Hong Kong Disneyland introduced its Haunted Halloween in 2007 and like Ocean Park targets the extra attractions at young adults, this year using 500 extra temporary cast members to deliver the theme of vampires and werewolves battling it out for control of the park.

According to Wendy Chu, Hong Kong Disneyland's marketing director, the event is also growing in popularity with corporate guests which have increased six-fold compared to last year.

"It is evident that companies welcome a specially-themed ambience, such as Disneyland's Haunted Halloween, that they can leverage to deliver a unique experience to their employees, customers and other stakeholders," she said.

While declining to give exact attendance figures, Chu said the park management were optimistic about visitor numbers and that the events was one of the key programmes of the park's calendar.

Ocean Park's Tom Mehrmann is positive the appeal of its Halloween Bash looks set to continue - as long as the attractions are updated and kept fresh and culturally relevant for the "very sophisticated market". This, he says, is a lesson, the park learnt very early in its Halloween experience.

 Scary Business

Halloween costumes and mask on sale in Central's Pottinger Street.

"When I first joined the company, we were doing very Western-based ghosts like the ones you would find in Hollywood movies, such as Dracula and Frankenstein," he said.

"We found guests reacted in an amused sort of way but without surprise or fright.
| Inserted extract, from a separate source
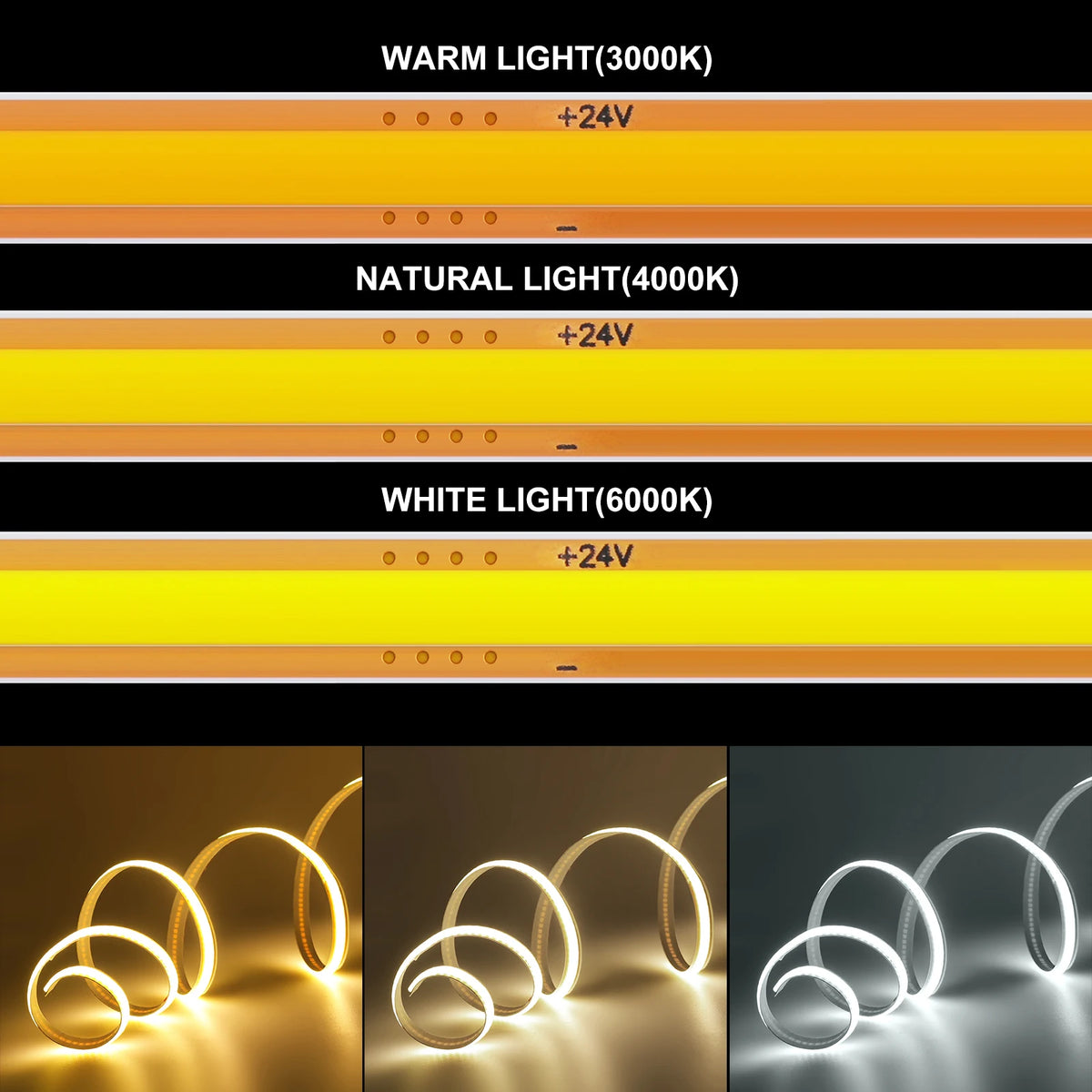 5mm 8mm PCB COB LED Light Strip Free Cut 12V 24V With 2PIN W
But we did get some very good feedback on a Chinese bride and groom we featured who were very popular.

"It was then we realized to be culturally relevant to the market, we had to abandon the Western approach to goblins and ghosts and work with local ghost stories.
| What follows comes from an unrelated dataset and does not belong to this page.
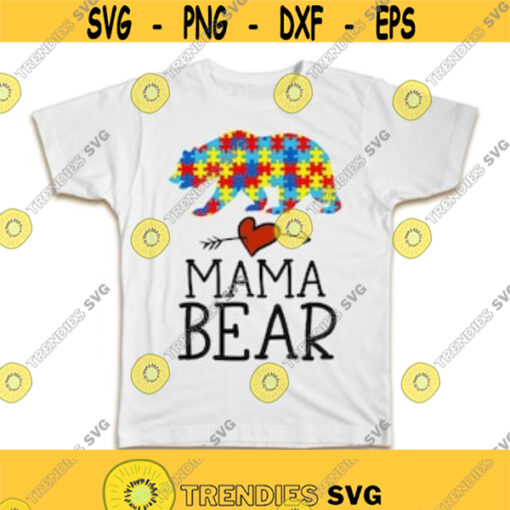 Mama Bear Autism Awareness SVG Files for Cricut T Shirt Designs For Merch POD Print on demand designs Png svg tshirt svg Vector image Design 437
"That was the huge turning point. It changed the whole nature of the event. Today, from everything I am hearing in the industry, we are now the largest Halloween party in the world for theme parks, in terms of attendance, the number of attractions on offer and the number of ghosts on the street."

The idea of Halloween evolving to better fit Hong Kong's culture is something Joseph Bosco finds interesting as an anthropologist.

"Halloween is still quite new and driven by commercial outfits which tend to be influenced by Western people or with Western experience," said Bosco.

"I am looking forward to seeing how it will transform over the next few years, or decade, into something more authentically local."

How the event will evolve in future, is likely not to be a consideration of the many thousands who will dress up next Wednesday night to haunt the streets, bars and restaurants of Hong Kong.

Likewise its past will be of little interest, with most not knowing or caring about the true origins of this festival which is linked to both Christian and pagan festivals.

"It's a wonderful form of escapism," said Mehrmann. 'It creates a social interaction, it creates a connection. People tap into their base emotions to let off steam and just have fun.